Captioned web images:
◇ ◇ ◇

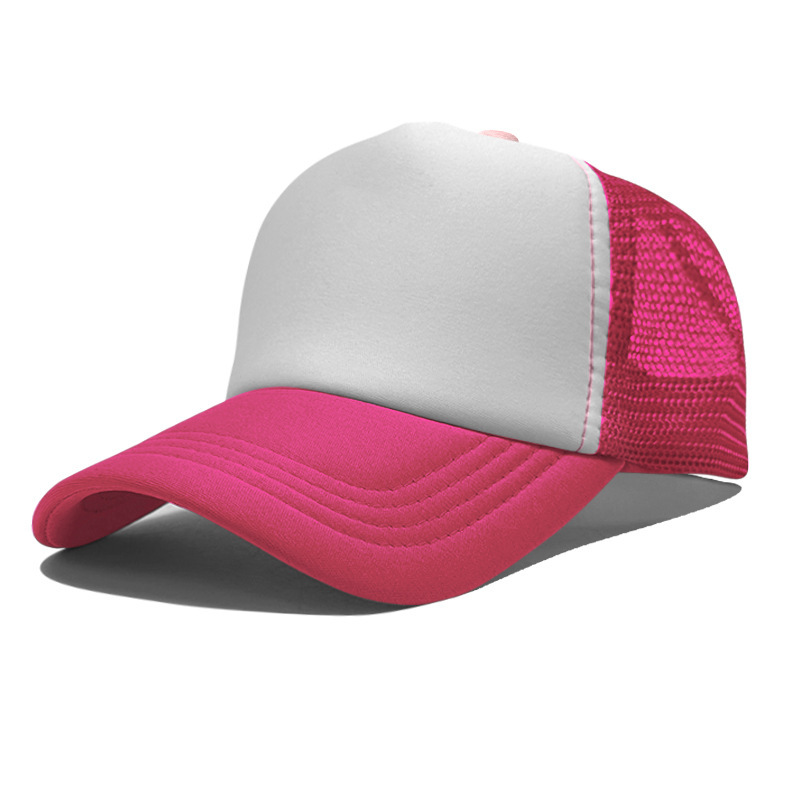 Gorra de malla de esponja con logo personalizado, gorra de béisbol de color sólido, comercio exterior transfronterizo, protección solar, gorra publicitaria con impresión personalizada, venta al por mayor.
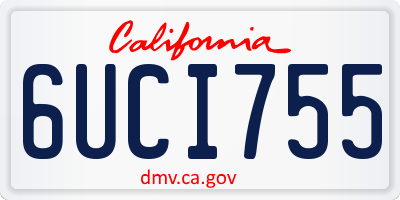 CA license plate 6UCI755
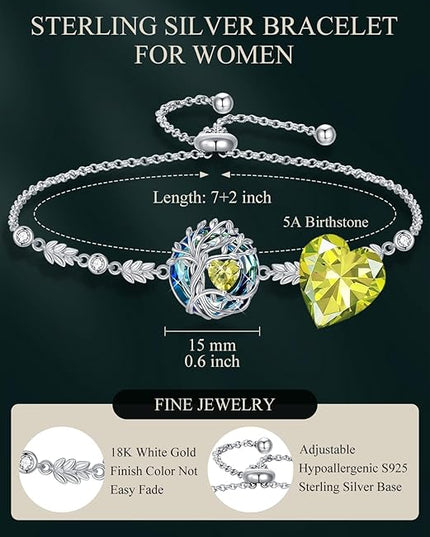 TOUPOP Tree of Life Birthstone Bracelet 925 Sterling Silver Family Tree Austrian Crystal Jewelry Anniversary Birthday Christmas Gifts for Women Wife Girlfriend Her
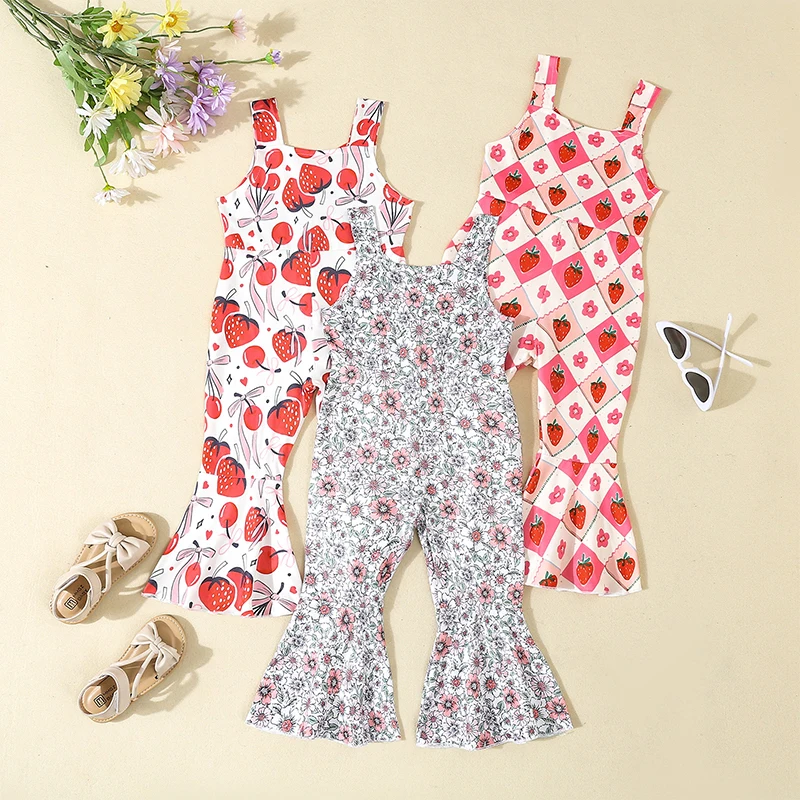 

2024-05-06 Lioraitiin Toddler Girl Bell Bottom Jumpsuit Flower Print Square Neck Sleeveless Flare Pants Romper Baby Overalls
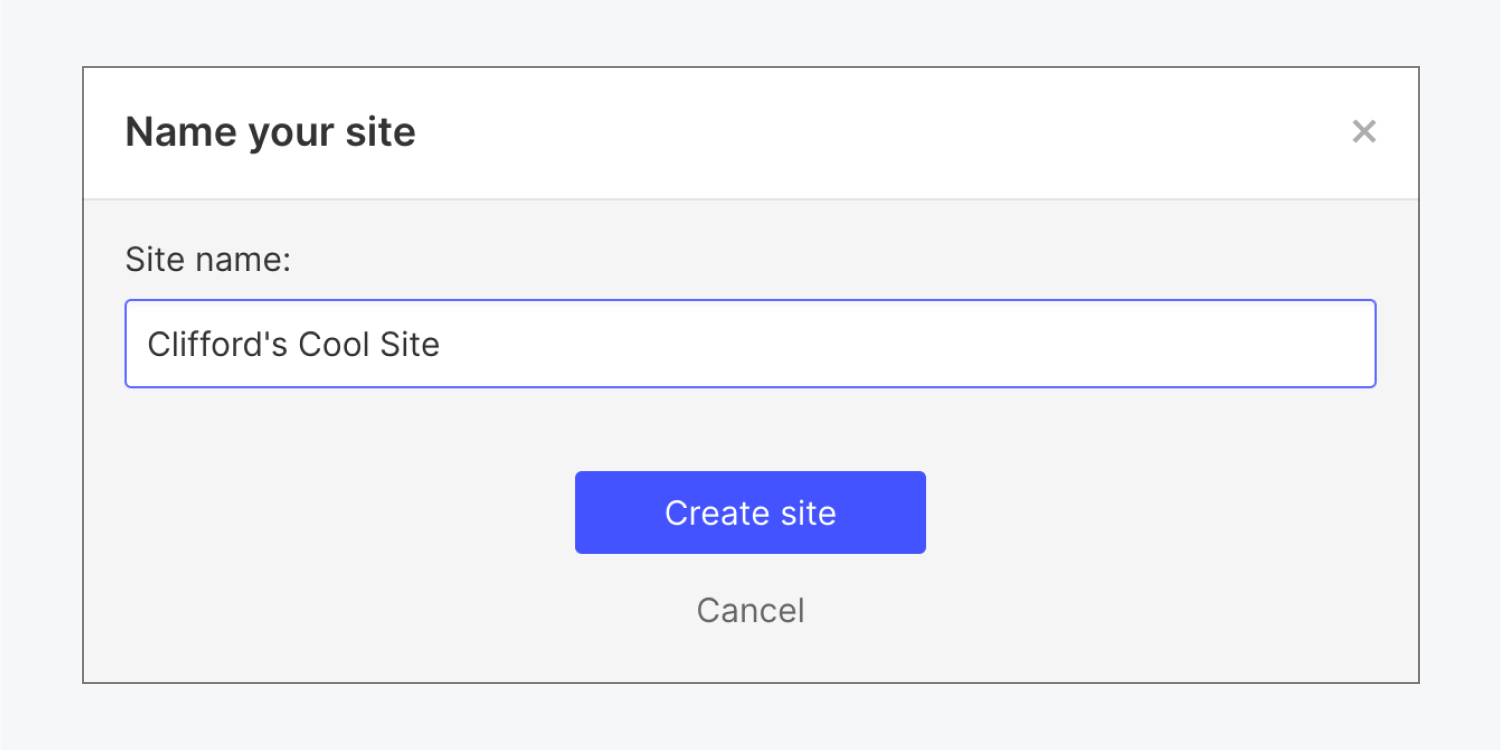 The Name your site modal window.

◇ ◇ ◇

▶ _EXERCISE BRIEF_
Your answer must consist solely of the lines from the one containing "2024-05-06 Lioraitiin Toddler" through the last line of the records above, copied exactly, with every picture left out.

▶ _WRITTEN RESPONSE_
2024-05-06 Lioraitiin Toddler Girl Bell Bottom Jumpsuit Flower Print Square Neck Sleeveless Flare Pants Romper Baby Overalls
 The Name your site modal window.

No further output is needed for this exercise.